Abstract

The detection of paroxysmal atrial fibrillation (AF) in patients requiring a permanent pacemaker for sinus node disease may influence the choice of both pacemaker and programmed mode. While signal-averaged ECG of the P wave (SAEP) during sinus rhythm may detect patients with paroxysmal AF, the value of SAEP in the presence of sinus node disease is unknown. We therefore evaluated SAEP in patients with sinus node disease during sinus rhythm and atrial pacing. We investigated 10 patients with sinus node disease alone (SND), 10 with sinus node disease and paroxysmal AF (SND-PAF), and 20 normal controls (NC) using a P wave specific, signal-averaging system.

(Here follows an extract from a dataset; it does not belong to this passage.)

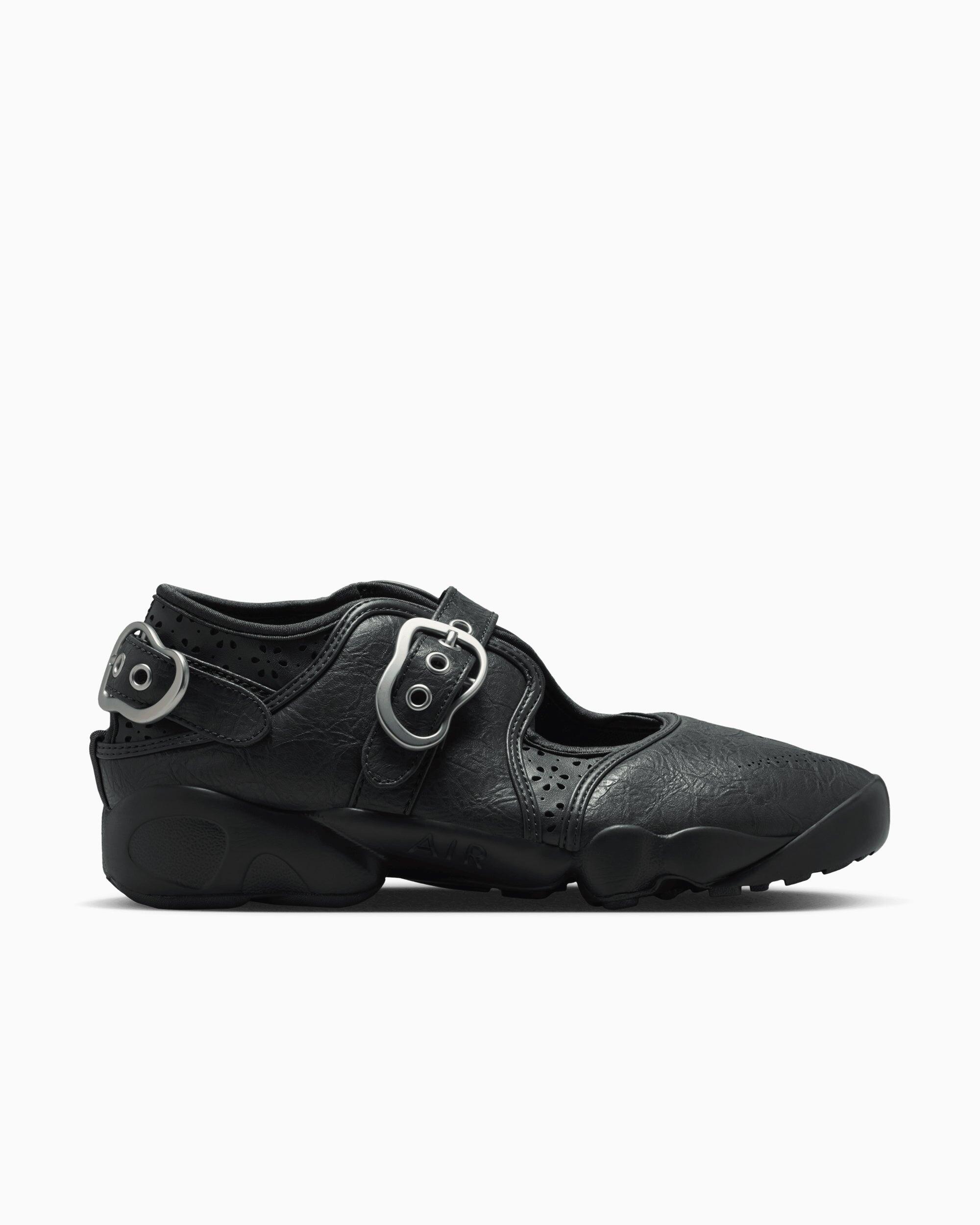 NIKE picture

In sinus rhythm, duration and energy were greater in SND-PAF than in SND and NC (mean [SEM] duration: 153 [4] msec, 140 [4] msec, and 134 [2] msec, P < 0.001; energy from 20-150 Hz: 76 [18] muV2.sec, 48 [7] muV2.sec, and 36 [3] muV2.sec, P = 0.006). Atrial pacing in SND-PAF produced an 11% prolongation of atrial activation but little further abnormality in P wave characteristics. In SND, atrial pacing caused a 20% prolongation of the P wave and increased P wave energy to a greater extent than in SND-PAF. We conclude that in patients with SND, atrial activation appears similar to normal controls during sinus rhythm but changes significantly on pacing. In patients with SND-PAF, atrial activation is abnormal during sinus rhythm with little further change when the atrium is paced. SAEP may be useful in detecting a predisposition to paroxysmal AF in the presence of sinus node disease and might help optimize pacemaker prescription.